ECE 5760: Graphics Processing Unit 

Floating Point Hardware: The floating point hardware we used was provided by Professor Land. There were 4 modules we used. One converted a 10 bit number into an 18 bit floating point number. Another converted it back from floating point to an integer. The other two modules were arithmetic computations. One did floating point add and the other did multiplies. We used floating point representation for all of our computations, since most of the numbers we used were between 1 and 0, since they were normalized. It also allowed us to use 9 bit multipliers for each computation. Had we used fixed point representation we may have had to use 2 or 3 multipliers per computation to insure high enough precision. The floating point representation consists of 3 parts. The MSB (Bit 17) is the sign bit (1 for negative, 0 for positive). Bits 9  16 are the exponent. Bits 0  15 are the mantissa. Here is a high level view of our GPU
Transform: The transform is done in two main stages in the pipeline. First the vertices are transformed into eye space coordinates using the
matrix given in the high level design section of this site. This is done in the calcMv module.

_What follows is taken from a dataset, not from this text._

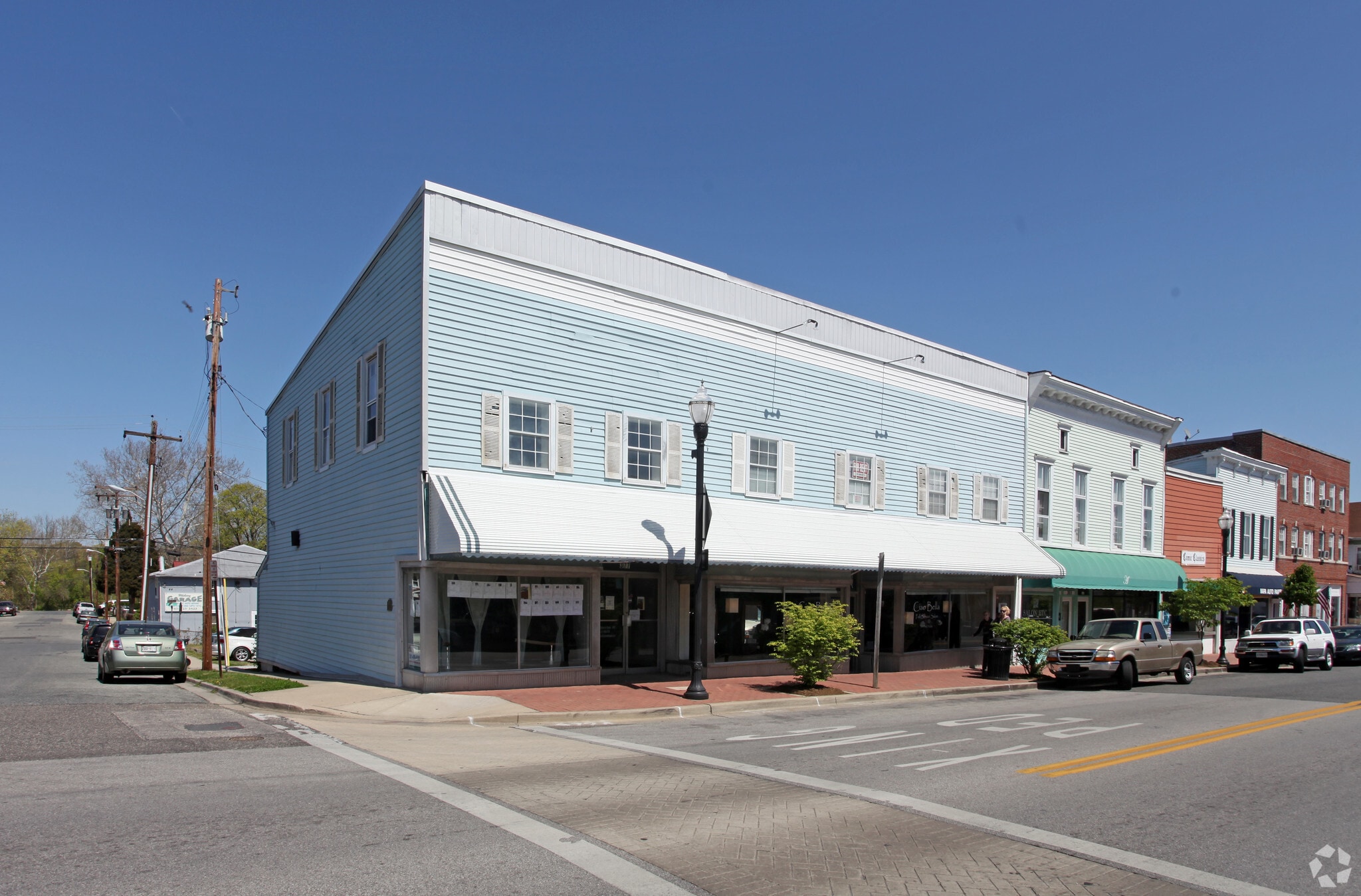 373-377 Main St, Laurel, MD for lease Building Photo- Image 1 of 13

It uses a state machine to do 2 matrix multiplications
between the view transformation matrix and the vertices matrix to get the rotated vertices. There are three instantiations of this module in the
top level module  one for each vertex per triangle. The module only does the necessary multiplications and additions, rather than using all of the hardware
for a full matrix multiplication. The normals are transformed to eye space in parallel with the vertices, using the calcMvNormal
module. Once again there are three instantiations of this module  one for each normal. The normal is transformed using the transpose of the inverse
of the 3x3 upper left part of Mv given in the highlevel design portion of the page. Once again, only the required multiplications and additions are performed
to save space on the board and computation time. The normals are transformed to the new coordinate system independent
of the new location of the eye because normals consist of direction and not position like the vertices. These transformation are implemented using the 18
bit floating point hardware given to us by Professor Land for ECE 5760. This is done with as much parallel computation as possible using the floating point hardware.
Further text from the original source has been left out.